Deep learning can help. Project Zamba (https://zamba.drivendata.org) provides models that classify camera trap videos and identify the species that appear in them. Of course, the results are not perfect, but we can often remove 80% of the videos we don’t want while losing only 10-20% of the videos we want.
But there’s a problem. The output from deep learning classifiers is generally a “confidence”, not a probability. If a classifier assigns a label with 80% confidence, that doesn’t mean there is an 80% chance it is correct. However, with a modest number of human-generated labels, we can often calibrate the output to produce more accurate probabilities, and make better predictions.
In this talk, I’ll present use cases based on data from Africa, Hawaii, and New Zealand, and show how we can use deep learning and calibration to save the pangolin… or at least the pangolin videos. This real-world problem shows how users of ML models can tune the results to improve performance on their applications.
Background Knowledge:
No specific knowledge required, just a general understanding of what a classifier is.
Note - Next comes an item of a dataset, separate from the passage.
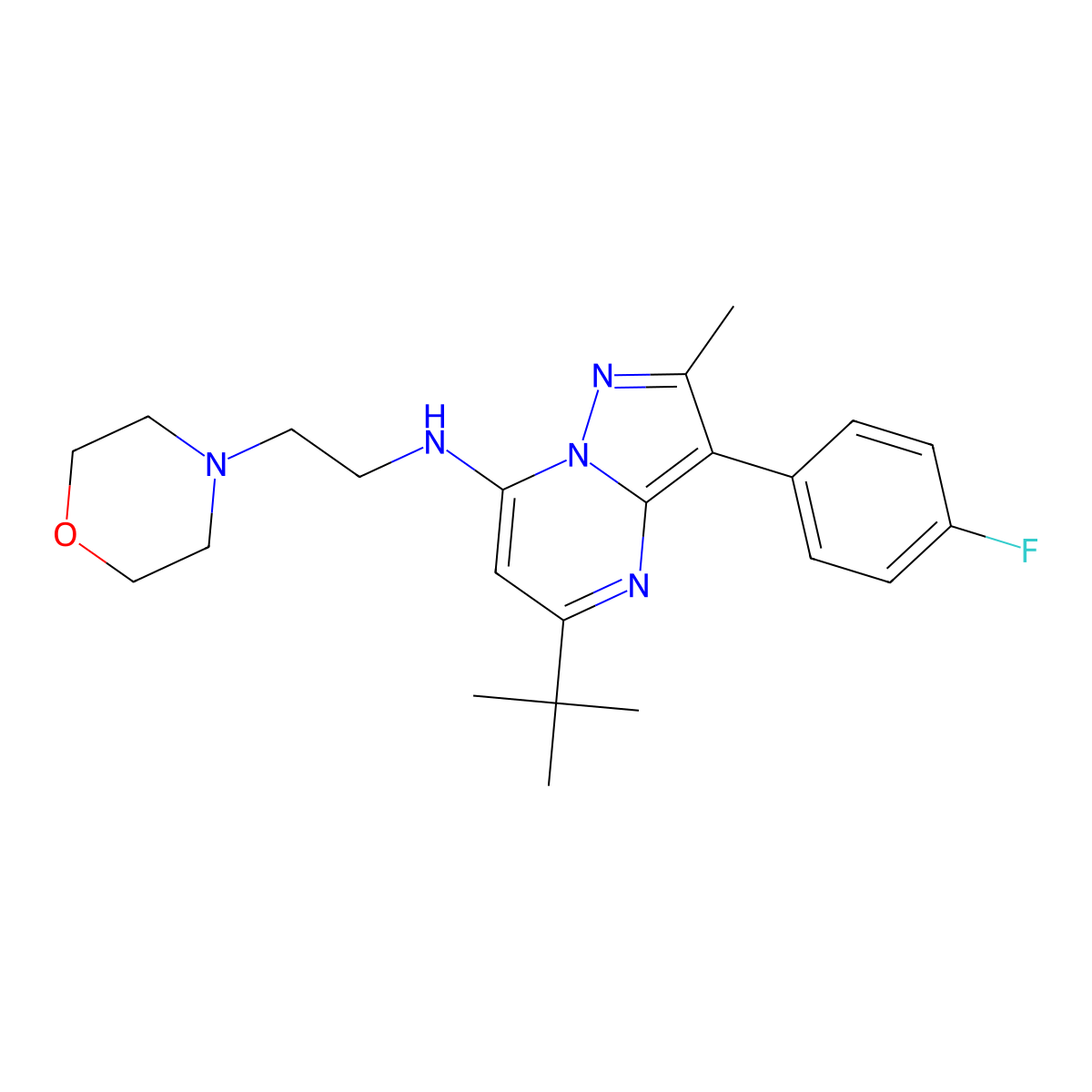 5-tert-butyl-3-(4-fluorophenyl)-2-methyl-N-[2-(morpholin-4-yl)ethyl]pyrazolo[1,5-a]pyrimidin-7-amine molecular structure, CAS 1031654-79-1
Bio: Allen Downey is a Staff Scientist at DrivenData and professor emeritus at Olin College. He is the author of several books related to computer science and data science, including Think Python, Think Stats, Think Bayes, and Think Complexity. His blog, Probably Overthinking It, features articles about Bayesian statistics. He received his Ph.D. in Computer Science from U.C. Berkeley, and M.S. and B.S. degrees from MIT.